The National Academy of Video Game Testers and Reviewers Corp recently held their 11th annual awards ceremony, where many large platform games were pitted against their microscopic counterparts. For example, the monster award winning Skyrim was placed in the same category for Game of the Year against smaller games like Minecraft. So what’s the big deal? The big deal here is that Minecraft actually won.
If Minecraft were to win an award, the most successful independent video game of the year sounds more like it. Even an award for most extensive development of an arcade title would have been appropriate and respectable. Minecraft as the game of the year, though? The non-profit organization tried awarding lower profile games with some appreciation via random awards. The awards categories were more loaded than the Oscars. Little more was accomplished than the degradation of the nominee losers, the award winners, and mostly the site’s credibility.
Everyone loves a good underdog tale, so why pick on Minecraft? After all, it’s an inspiring story of a small town kid who finally made it in the big city. Unfortunately, though, awarding a GOTY award to a PC indie turned arcade game, especially against games like Skyrim and Batman: Arkham City, is either poor award categorizing or great pot stirring. The real question from NAVGTR’s awards is who didn’t win an award, with its whopping 55 award categories.

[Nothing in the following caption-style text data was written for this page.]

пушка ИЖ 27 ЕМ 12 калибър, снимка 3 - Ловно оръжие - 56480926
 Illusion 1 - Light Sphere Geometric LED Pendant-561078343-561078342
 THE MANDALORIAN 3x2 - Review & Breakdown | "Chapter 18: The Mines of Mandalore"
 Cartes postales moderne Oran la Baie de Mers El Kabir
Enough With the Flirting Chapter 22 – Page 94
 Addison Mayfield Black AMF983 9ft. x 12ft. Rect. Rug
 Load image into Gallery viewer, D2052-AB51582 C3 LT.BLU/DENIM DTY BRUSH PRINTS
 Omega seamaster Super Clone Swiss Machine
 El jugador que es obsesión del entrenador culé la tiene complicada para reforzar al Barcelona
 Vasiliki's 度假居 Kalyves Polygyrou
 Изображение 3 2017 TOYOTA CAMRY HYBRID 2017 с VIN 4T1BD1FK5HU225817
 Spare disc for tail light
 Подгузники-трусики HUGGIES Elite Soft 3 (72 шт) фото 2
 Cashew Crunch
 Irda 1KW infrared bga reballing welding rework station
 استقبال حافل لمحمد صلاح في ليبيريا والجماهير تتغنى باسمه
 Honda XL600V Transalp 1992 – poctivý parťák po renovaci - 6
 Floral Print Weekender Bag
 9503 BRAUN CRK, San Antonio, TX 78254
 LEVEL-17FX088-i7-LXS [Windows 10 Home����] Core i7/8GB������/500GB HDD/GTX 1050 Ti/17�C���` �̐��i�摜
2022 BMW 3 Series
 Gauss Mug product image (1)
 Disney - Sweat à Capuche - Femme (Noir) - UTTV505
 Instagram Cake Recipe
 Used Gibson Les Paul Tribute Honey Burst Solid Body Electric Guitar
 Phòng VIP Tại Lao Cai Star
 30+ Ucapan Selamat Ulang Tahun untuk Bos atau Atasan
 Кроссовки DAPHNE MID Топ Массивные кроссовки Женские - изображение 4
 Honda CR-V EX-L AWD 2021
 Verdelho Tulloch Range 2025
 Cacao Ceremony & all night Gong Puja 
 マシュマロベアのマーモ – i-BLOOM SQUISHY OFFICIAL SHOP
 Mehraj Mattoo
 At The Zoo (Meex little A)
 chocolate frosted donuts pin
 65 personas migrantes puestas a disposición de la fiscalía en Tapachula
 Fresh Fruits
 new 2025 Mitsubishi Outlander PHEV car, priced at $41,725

Over 600 poor misguided testers placed their votes for these awards. The basis behind the award selection is that game testers test, so they know how to determine real winners. Quoting the site directly, “More than any other professional group in the industry, testers spend the most time playing games and are therefore most apt to evaluate them on a technical level with intense detail or analysis.”
What deems someone more apt to evaluate a game when they’re the only ones not playing it for entertainment value? Perhaps some of the technical award categories could be best determined by a tester, but obviously not all the categories. Apparently testers also believe Alice: Madness Returns had a better art direction than Little Big Planet 2. The majority of the awards were designed with the winner in mind, and the other nominees were awkwardly chosen to create the category.
After seeing these “awards”, perhaps the Spike ones aren’t so bad after all.